Task requirements: Pictures are not part of the copy. Write out exactly the lines from the line with "Obraz premium Shelves" through the end of the entries below.

━━ Records

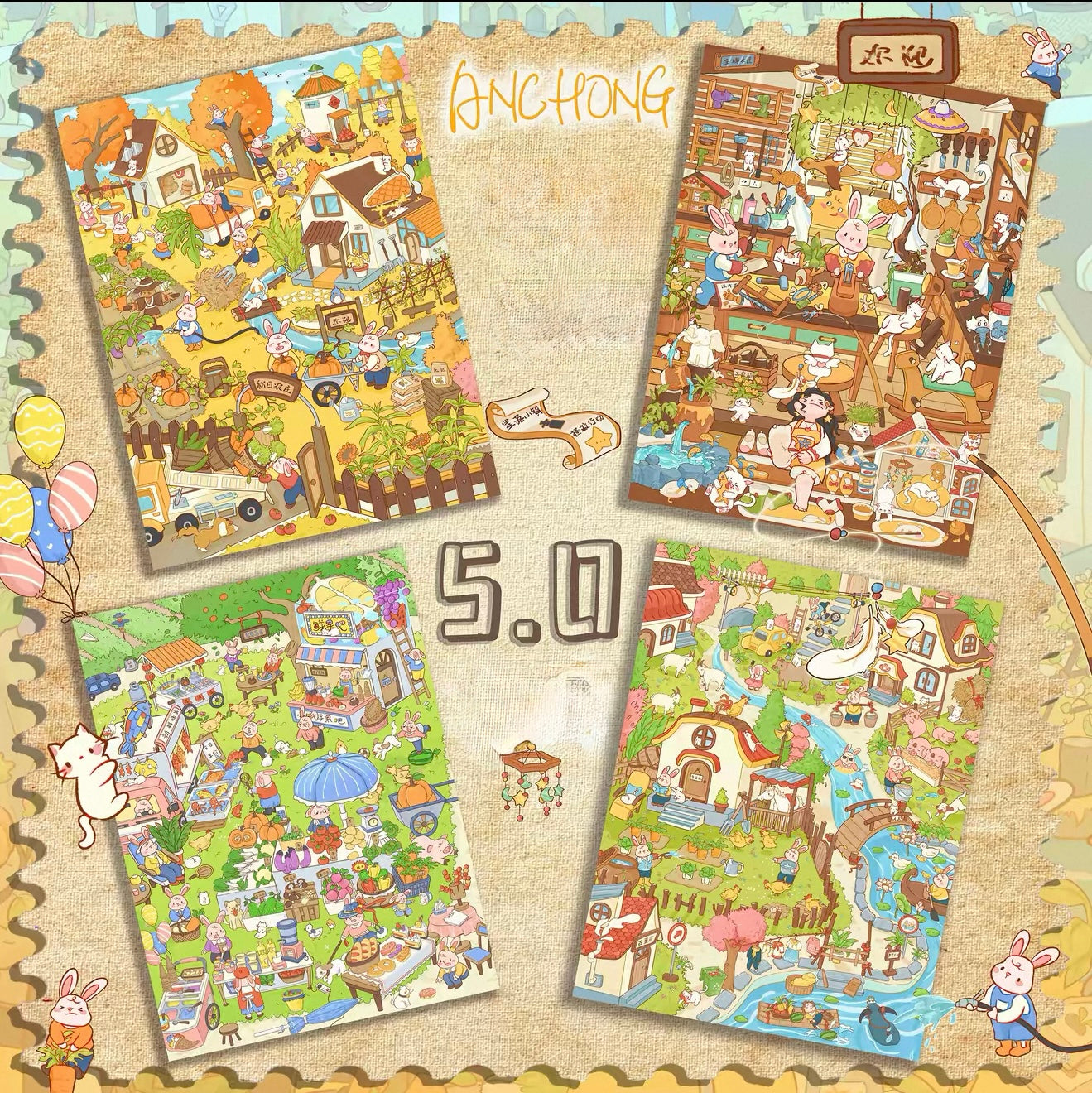 All in 5.0 4 scenes - Bunny Town’s Carpenter’s Workshop & Bunny Town in Golden Autumn& Bunny Town’s Summer Market& Bunny Town’s Spring Creek
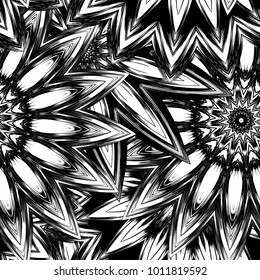 Seamless floral background. Tracery handmade nature ethnic fabric backdrop pattern with saturated dark flowers. Textile design texture. Decorative binary monochrome black and white art. Vector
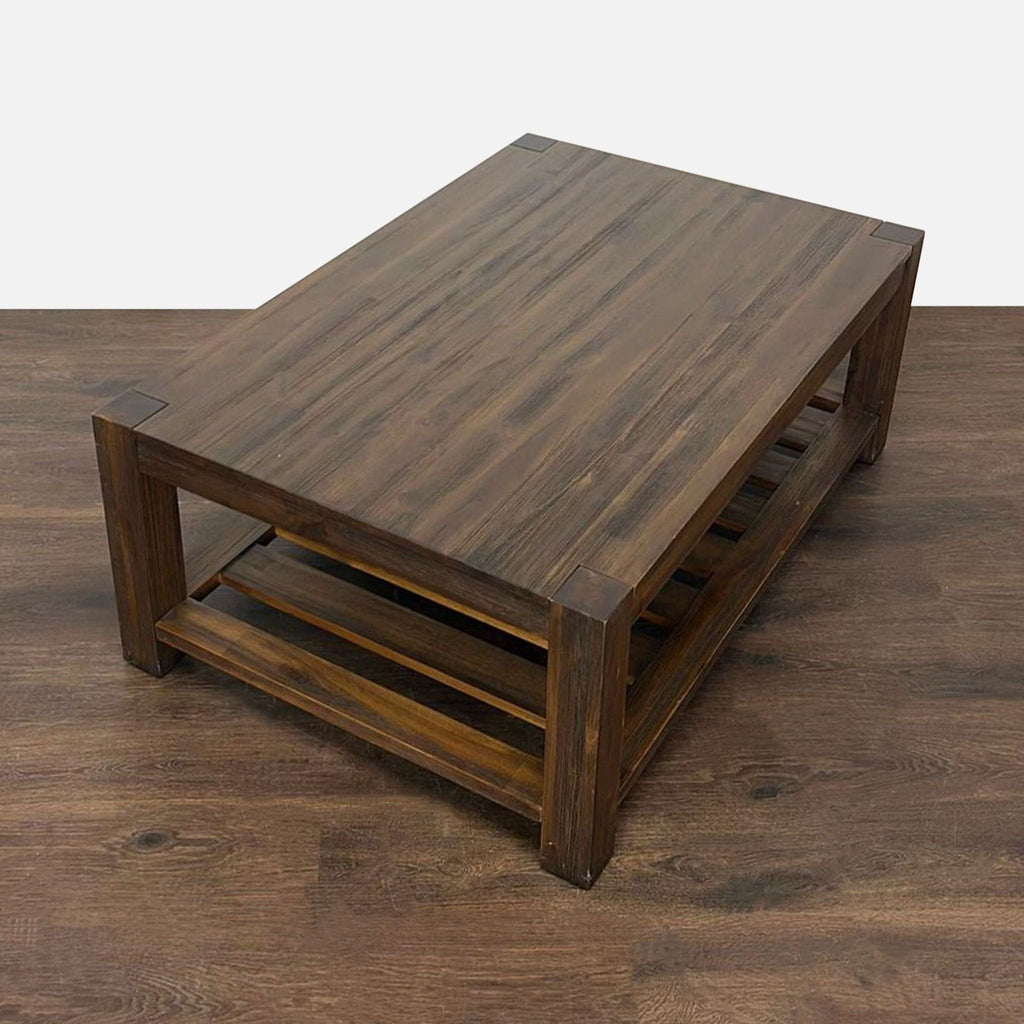 Wooden Coffee Table with Slatted Shelf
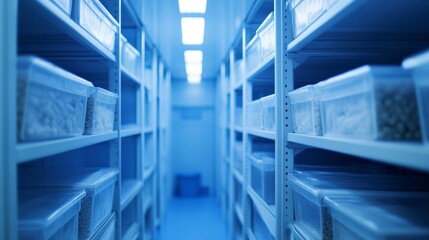 Obraz premium Shelves filled with clear containers in an organized storage room used for various supplies and materials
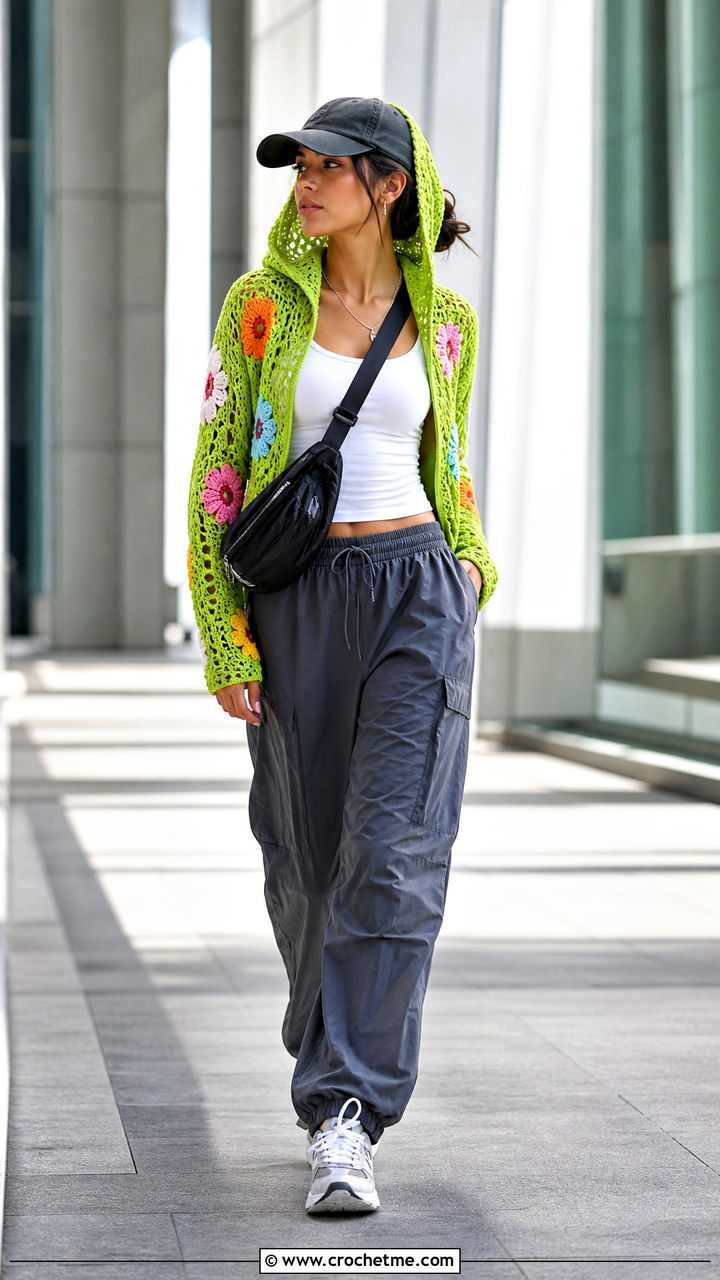 Floral Crochet Hoodie Top With Parachute Pants - 35 crochet flower top outfit ideas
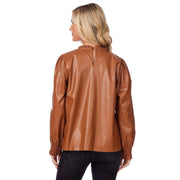 Mud Pie Women's Putnam Tan Leather Top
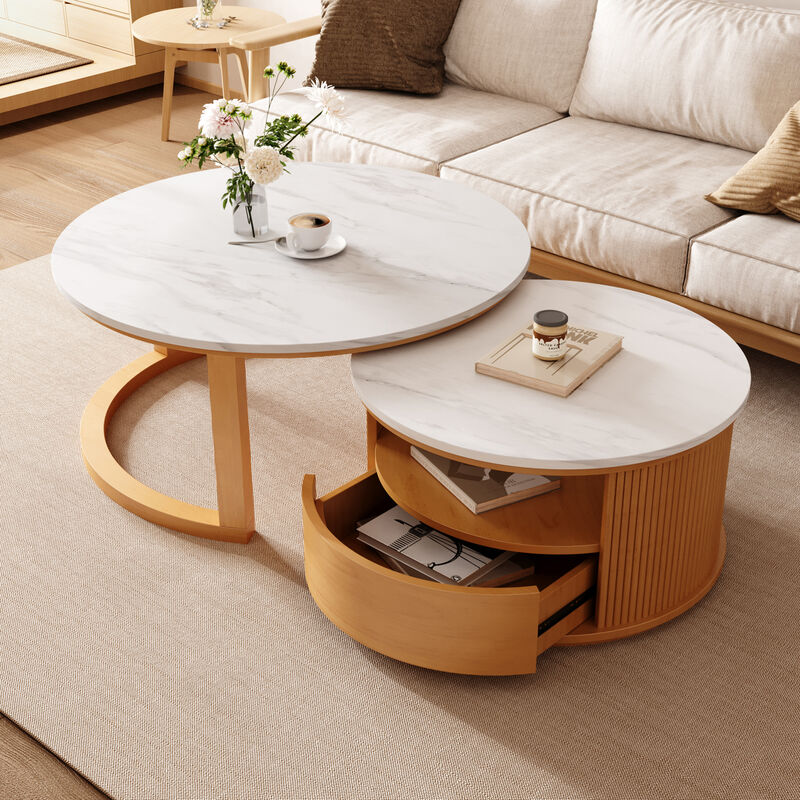 GOODSILO Modern Nesting Coffee Table with Marble Top and Two-Tier Storage image number 1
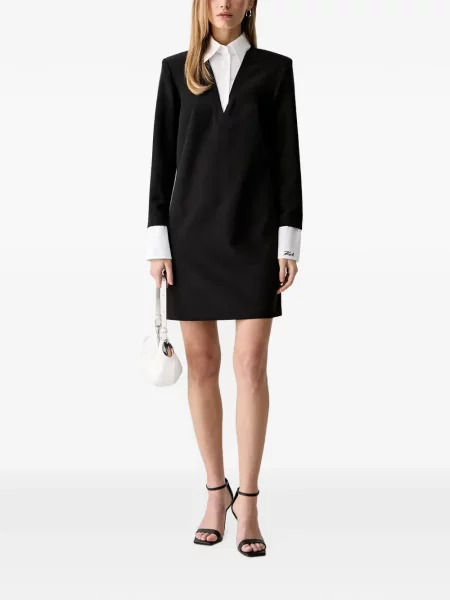 Gulerat rochie mini Karl Lagerfeld cu decolteu în V negru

━━━━

Problem solution:
 Obraz premium Shelves filled with clear containers in an organized storage room used for various supplies and materials
 Floral Crochet Hoodie Top With Parachute Pants - 35 crochet flower top outfit ideas
 Mud Pie Women's Putnam Tan Leather Top
 GOODSILO Modern Nesting Coffee Table with Marble Top and Two-Tier Storage image number 1
 Gulerat rochie mini Karl Lagerfeld cu decolteu în V negru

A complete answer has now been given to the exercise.